**WHAT THE TASK REQUIRES:**
Could every line of the listing be output exactly, with the pictures skipped?

BEGIN

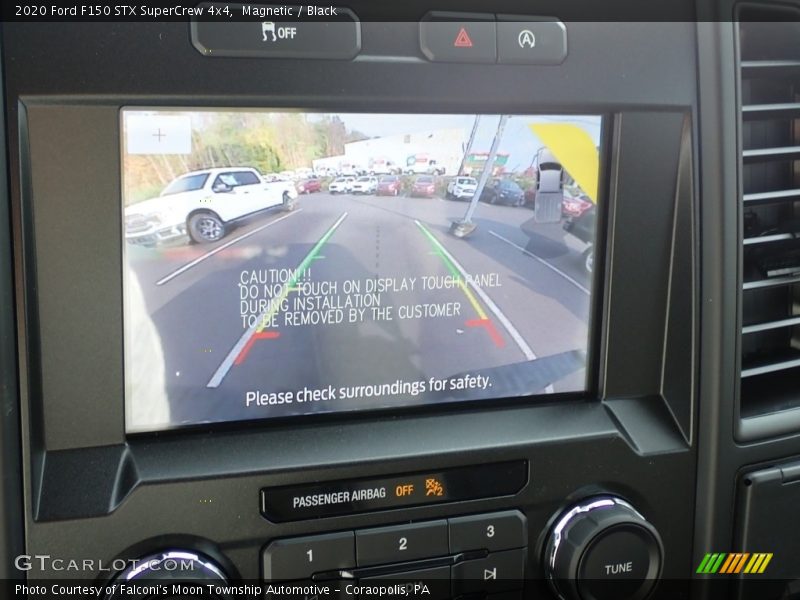 Magnetic / Black 2020 Ford F150 STX SuperCrew 4x4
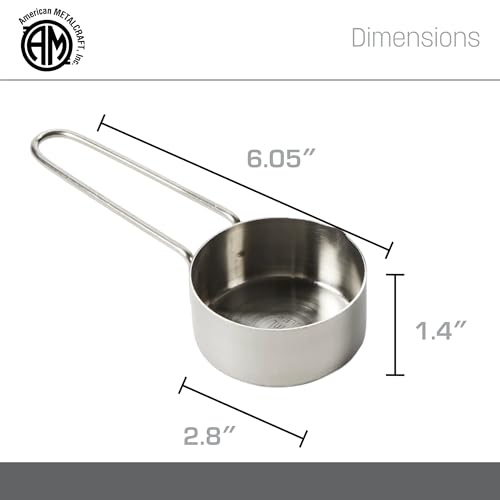 American METALCRAFT, Inc. 1/2 Stainless Steel Measuring Cup, 1/2-Cup, Silver - size: 1/2-Cup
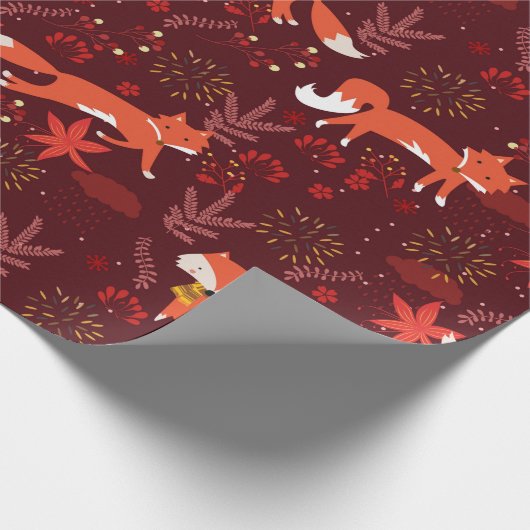 Papier Cadeau Motif Fox (Coin)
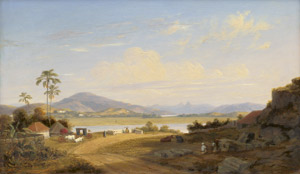 Lot 6108, Auction  110, Witherington, William Frederick, Indien: Blick auf einen Fluss im Hochland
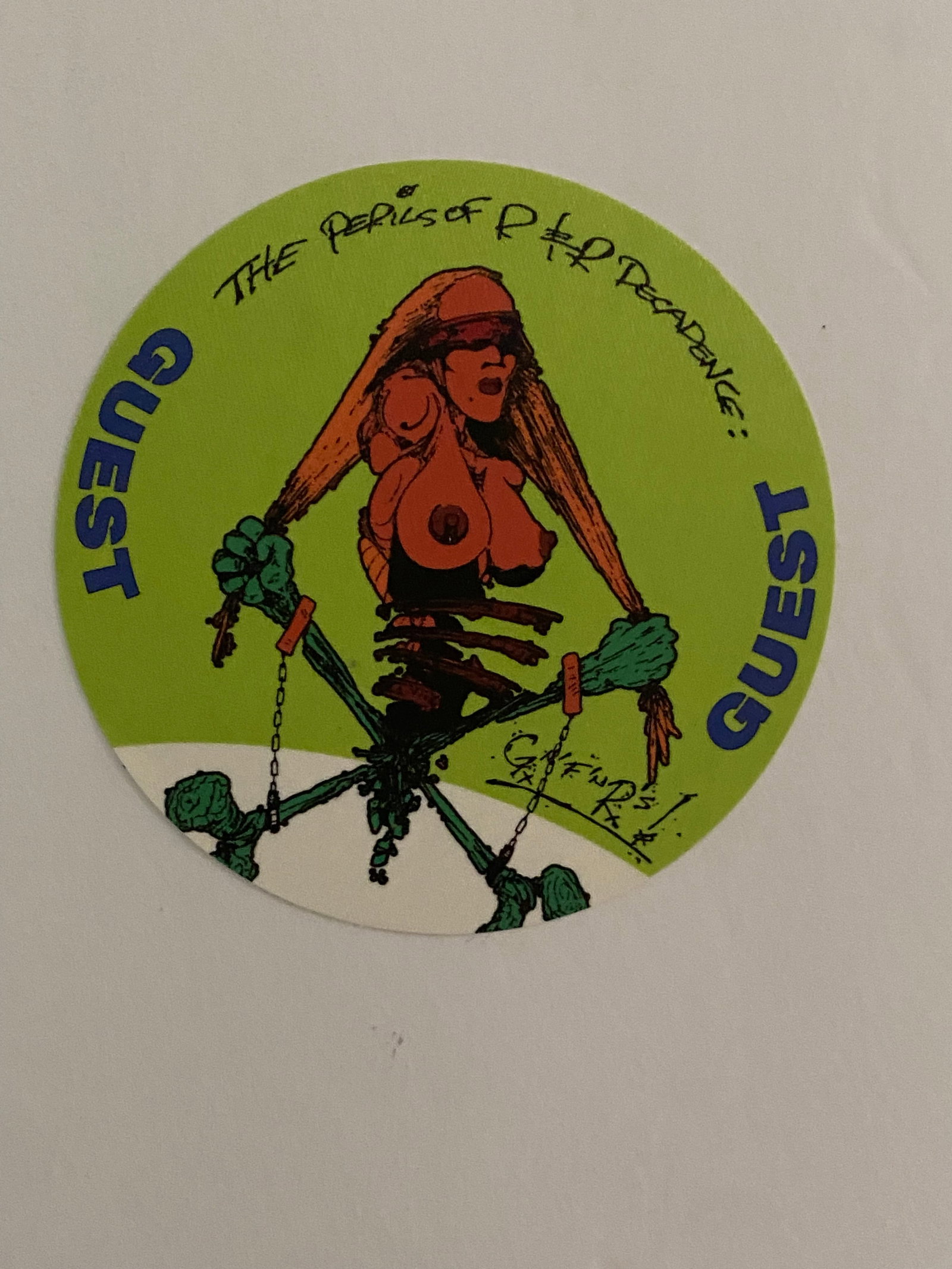 Guns N' Roses 1991 Concert Backstage Pass: See pics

END

**TASK RESULT:**
 Magnetic / Black 2020 Ford F150 STX SuperCrew 4x4
 American METALCRAFT, Inc. 1/2 Stainless Steel Measuring Cup, 1/2-Cup, Silver - size: 1/2-Cup
 Papier Cadeau Motif Fox (Coin)
 Lot 6108, Auction  110, Witherington, William Frederick, Indien: Blick auf einen Fluss im Hochland
 Guns N' Roses 1991 Concert Backstage Pass: See pics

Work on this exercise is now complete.